A Party Without Its Host

This past Friday, Market Basket celebrated the grand reopening of its location in North Andover, a remodeled store with 92,000 square feet, about 40% larger than before.

The three sisters who have been at the forefront of the effort to oust Arthur T. Demoulas were among those in attendance, greeting customers as their security stood closely by. So were their three appointed board members. It was a rare move, as none of them are known for visiting employees or being public faces.

Customers seemed impressed by the new location and its offerings, which include Market’s Kitchen hot food, a coffee and ice cream bar, sushi made in-store, a specialty butcher, and seating. Many left with full carts. It seemed like business as usual — except someone was missing.

Demoulas, the man who has continued to grow and shape the company since becoming CEO in 2008, was absent. Not only has he been the CEO for nearly two decades, he is also the largest individual shareholder with 28.4% of the company. He wasn’t seen, his name wasn’t spoken. It was as if he either didn’t matter or never existed in the first place.

Moments like this are meant to be celebratory, opportunities to show unity. His absence further shows just how deep the rift is, and how unlikely a positive outcome will be.

What Happens Next

There has been little indication about what will happen when the board formally dismisses Demoulas from his role as CEO. It also remains to be seen whether his two children, Telemachus (Mike) and Madeline will be allowed to rejoin the company or not.

If there were betting odds, the favorite to be Demoulas’s successor would be his nephew Mike Kettenbach, who is currently the company’s deli director. It could also be someone from outside the company, which the board hasn’t ruled out.

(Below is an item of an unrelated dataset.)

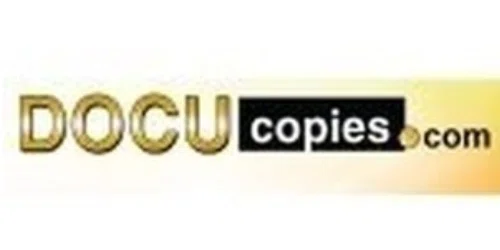 DocuCopies Merchant logo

Kettenbach would likely struggle to gain the credibility and trust of the existing management at the 95 stores and at company headquarters, who have demonstrated unwavering loyalty through the years for Demoulas. However, it may be possible given his family connection, and his years of service with the company. Meanwhile, an outside CEO hire would likely never gain the trust or respect needed to do the job at all.

The fates of roughly 30,000 employees, their benefits, their retirements, and the wallets of customers hang in the balance.

4 responses to ““More for Your Drama””

  1. Bob Philpot says:

    Just gross. Haven’t shopped at MB in two months. It’s depressing…

  2. Ellen Andre says:

    Everyone loves Arthur including his employees, customers and community. He’s built loyalty and credibility, along with trust for years. He’s demonstrated his solid leadership and winning formula. They can’t complain about his performance or ethics. Their only reason is a bigger money grab. What a shame for everyone.

  3. Pete Markarian says:

    Very sad to watch this. $80 million a year isn’t enough? What a tio of greedy bitches.

  4. Pierre says:

    This all reminds me of the Walton family. When Sam was alive, it was a respectable company, employees enjoyed working there. Morale was high and it was a nice experience shopping there. In the pursuit of profit, it has become a terrible, soulless, corporation. Walmart is second worst, perhaps only bested by Scamazon.